Захара погребли спешно. Народа, желающего проститься с покойным, было немного, да и последние, предвесенние морозы давали о себе знать. Анна не чувствовала холода, хотя одежда ее была донельзя изношена, и ветер пробирался за шиворот, стремясь заморозить бедную женщину.

После похорон потянулись пустые, тяжкие дни. Анна осталась вовсе без гроша – последние ушли на похороны, а тех скромных припасов, что были в доме, надолго хватить не могло.

К стенам покосившейся избенки подступал голод, и Анна не знала, что ей делать. Куда она пойдет с малым дитем на руках, где сыщет хлеба? Только одно и оставалось – идти по миру, просить у добрых людей на пропитание. Была еще у Анны тетка, но той кланяться – нож острый. Совсем уж выжила из ума старуха, скупа стала и бранчлива. У такой хуже с голоду помрешь!

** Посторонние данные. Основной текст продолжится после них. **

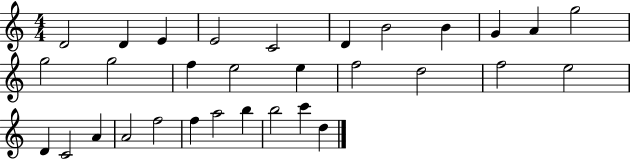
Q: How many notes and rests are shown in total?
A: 31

Женщина совсем уж было пала духом. «Что ж, придется побираться! – думала она. – На свете белом много добрых людей – авось не пропаду!» Но как только представляла Анна, что придется ей бродить целыми днями под порывами холодного пронзительного ветра с младенцем-сыном на руках, все каменело у нее внутри. Быть может, лучше голодной смертию умереть, чем так мучиться!

В один из дней, когда отчаяние Анны достигло всей своей глубины, возле ворот дома ее послышались возбужденные вскрики детворы и скрип полозьев. Вскоре раздался стук в дверь. Анна поспешила отворить и увидела перед собой богато одетого человека, немолодого уже, с проседью в густой бороде.

Анна попятилась, не зная, что и ожидать от незваного гостя.

– Ну, здравствуй, красавица, – пробасил тот.

Анна поклонилась. Не зная, как приветствовать гостя, она стояла молча и смотрела на него во все глаза.

– Али не признала меня? – усмехнулся гость.

– Нет, господин, не признала! – непослушными губами пролепетала Анна.

– А я вот приехал крестника проведать!

– Какого крестника? – удивилась Анна.

– Как какого? Михаила Захаровича. Здоров ли он?

Анна долгое время никак не могла понять, как этот богатый человек мог оказаться крестным ее бедному сыну. Наконец, вглядевшись в лицо гостя, она признала в нем путника, заночевавшего у нее в доме в ночь, когда она рожала.